• _TASK ITEM_
Write out again, exactly as they appear, the lines from the start of the data below through the line with "Dennis crawling through"; no pictures.

[Captioned web image data]
▼

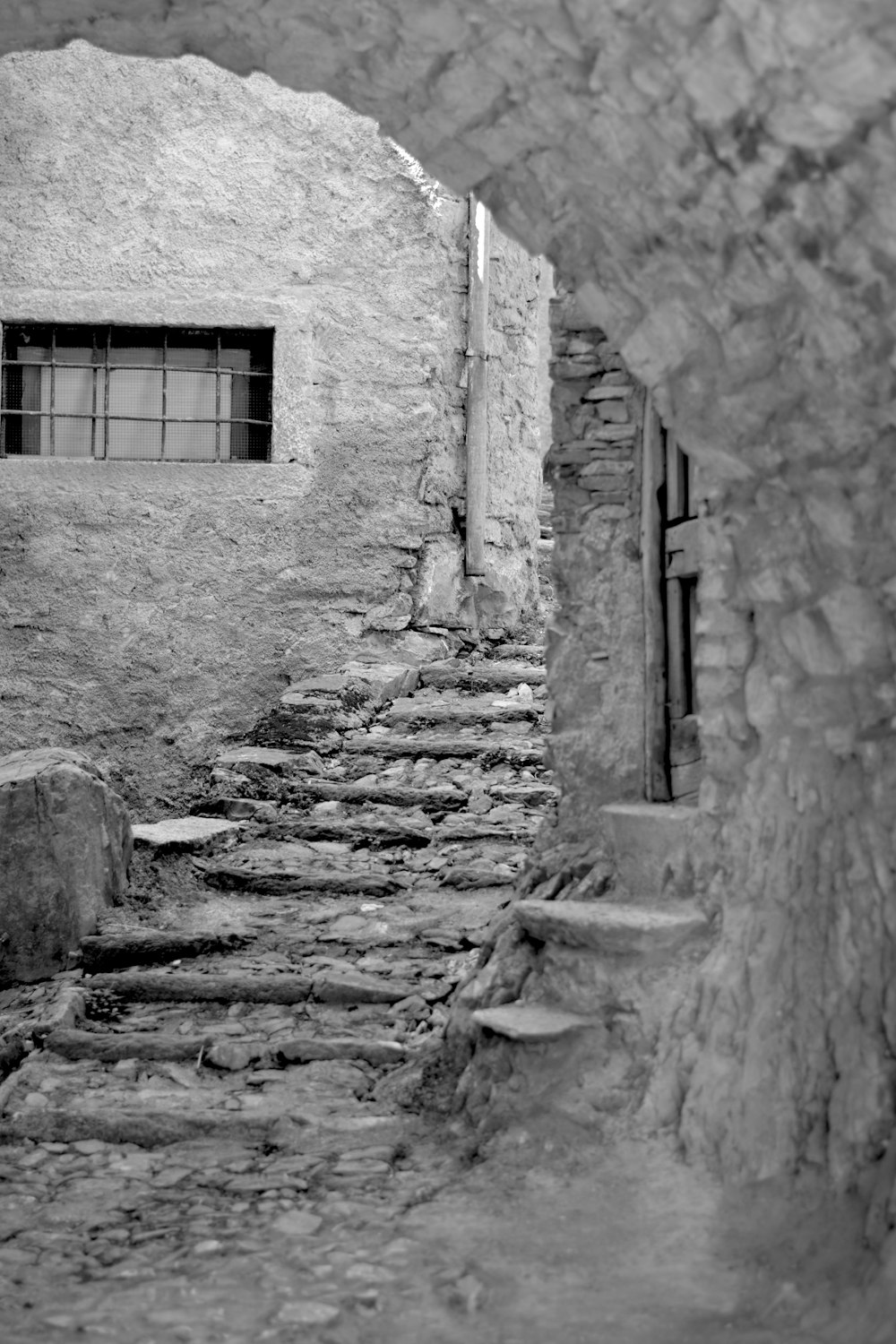 a black and white photo of a stone building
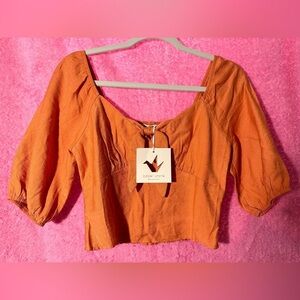 Paper crane NWT size small orange puffed sleeve crop top. Key hole with bow
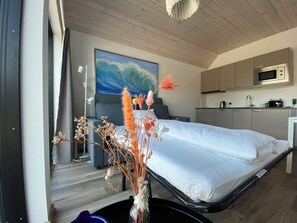 Neljän hengen perhehuone | Oleskelualue | Taulutelevisio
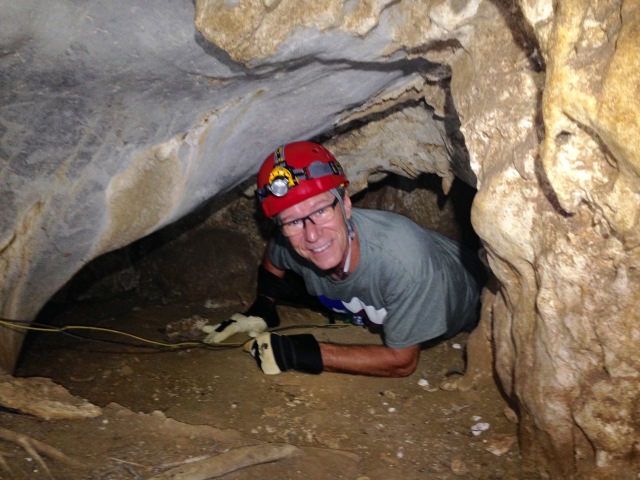 Dennis crawling through a tight space in one of the caves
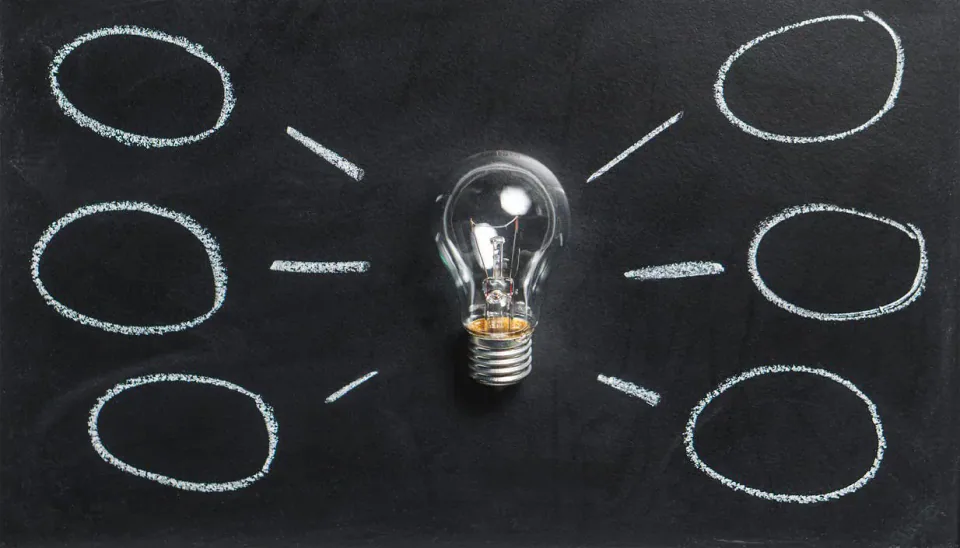 A light bulb linked to chalk circles on a blackboard.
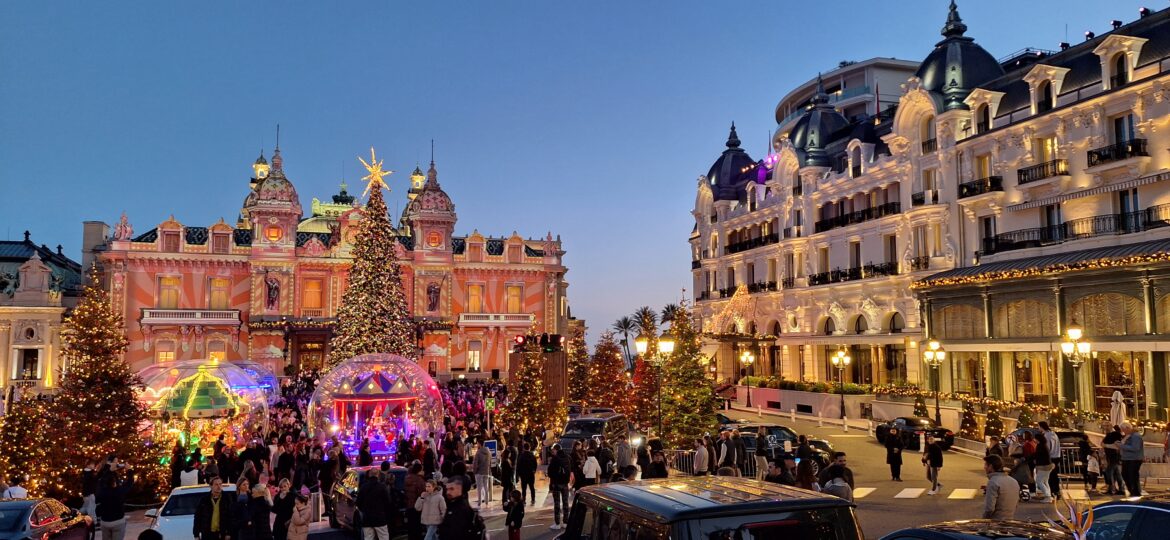 a group of people in front of a building with christmas lights
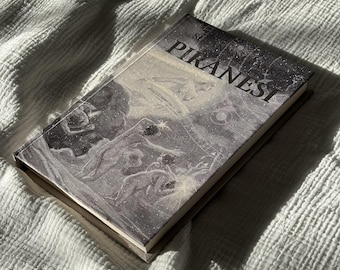 May include: A hardcover book titled "Piranesi" with a grayscale illustration on the cover. The artwork depicts figures in a celestial or dreamlike setting. The book is resting on a white, textured surface.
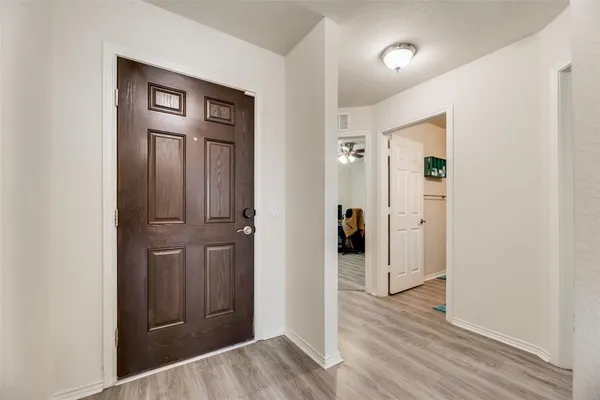 a view of a hallway with wooden floor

▲

• _ANSWER AREA_
 a black and white photo of a stone building
 Paper crane NWT size small orange puffed sleeve crop top. Key hole with bow
 Neljän hengen perhehuone | Oleskelualue | Taulutelevisio
 Dennis crawling through a tight space in one of the caves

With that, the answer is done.